Canal Town
- First edition (publ. Random House)
- Author: Samuel Hopkins Adams
- Language: English
- Genre: Historical fiction
- Publisher: Consolidated Book Publishers
- Publication date: 1944
- Pages: 471
- ISBN: 9-7808-1560-2286
- OCLC: 256995244

= Canal Town =

1944 novel by Samuel Hopkins Adams

Canal Town is the title of a 1944 novel by Samuel Hopkins Adams.

== Synopsis ==

The novel is set in the 1820s in the town of Palmyra, New York, near Rochester, located on the Erie Canal. The novel opens in 1820, when the construction of the Erie Canal had just begun, but has not reached Palmyra, and most of the town is looking forward to the economic boom the Canal is expected to bring.

During the course of the book, Adams depicts the changes in the daily life brought about by the construction of the canal. By the close of the book, citizens in Palmyra are regularly and casually travelling to Rochester via packet boat on the canal, or to New York by canal packet to Albany and thence by steam packet down the Hudson.

On publication, a New York Times review by Catharine Brody noted that the book recalls the Erie Canal novels of Walter D. Edmonds, whom Adams acknowledges in his introduction. In fact, Edmonds allowed Adams to use his notebooks as background for the novel.

The book is constructed around a single plot device, a case that a Dr. David Little reported to the Albany County Medical Society in the early 19th century. Brody called the incident "a truthful old-wives' tale."

The chief protagonist is a young doctor, Horace Amlie. He is intelligent and dedicated, willing to treat both wealthy and indigent, and willing to accept barter in lieu of cash when necessary. He knows of the latest advances in medical science, such as vaccination against smallpox, and comes into conflict with an established doctor who prefers older treatments such as bleeding. Brody called him "an Arrowsmith in a high beaver hat."

Amlie visits a settlement called Poverty's Pinch, treats the sick, and pays respectful attention to an old woman named Quaila Crego who practices folk medicine.

Work on the canal is constantly interrupted by sickness and fever among the workers. He asks Crego whether the fever has broken out in the Pinch and takes notice when she says "It will, when the black moskeeter stands on her head."

Amlie's dedication brings him into melodramatic conflict with landowners who resent his efforts to enforce public sanitation, and with a wealthy and powerful landowner named Genter Latham.

Amlie becomes acquainted with a spunky adolescent girl named Araminta Jerrold and her best friend, Genter Latham's daughter Wealthia. Araminta admires Amlie and it comes as no surprise to the reader when she and Horace are married later.

A good portion of the plot turns on a romantic situation involving Genter Latham's daughter, Wealthia. It seems obvious to the reader that Wealthia is having an affair with a dashing canal boat operator, Silverhorn Ramsey. She is also engaged to one Kinsey Hayne.

Dr. Amlie perceives that Wealthia is pregnant, and assumes that the father is Hayne. Amlie is concerned about the possibility that Wealthia may seek "assistance" from folk healers in Poverty Pinch, or may travel to Rochester for an "illegal operation." Eventually he informs Wealthia's father, who is furious at the aspersions cast on his daughter. Nine months elapse and there is no birth. Amlie is bewildered because he was certain of his diagnosis, and equally certain that Wealthia has not had an abortion.

New York Times reviewer Brody says that the reader will "probably stay up the rest of the night" to discover "the resolving of a first-class medical mystery."
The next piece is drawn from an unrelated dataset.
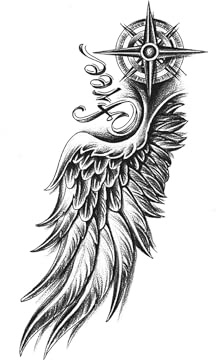 Kompass Kräuter Tattoo Aufkleber, Semi-Permanent Nicht Reflektierend Wasserfest Realistisch Keine Farbe Hält 2 Wochen, Fake Tattoo Temporäres Tattoo(1pcs)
Meanwhile, Latham resolves to ruin Amlie financially and run him out of town. He succeeds in having Amlie's license to practice medicine revoked. Through a loophole in the law, the revocation is unenforceable on the water of the canal itself, and Amlie manages to eke out a precarious living travelling up and down the canal in a boat, seeing patients only on board his vessel.

Without Amlie's public-health efforts, sanitary conditions in Palmyra deteriorate, and there is an epidemic of typhus, to which Wealthia falls victim and dies. Unable to stand not knowing how he could have been mistaken in his diagnosis, Amlie and a collaborator exhume Wealthia, and discover that she has experienced a rare condition, called a lithopedion or "stone baby," in which a fetus dies in the womb but becomes calcified rather than being expelled.

Amlie confronts Latham with this evidence, Latham acknowledges Amlie's integrity, numerous complications are quickly resolved in the closing pages, and Amlie and his wife Araminta live happily ever after.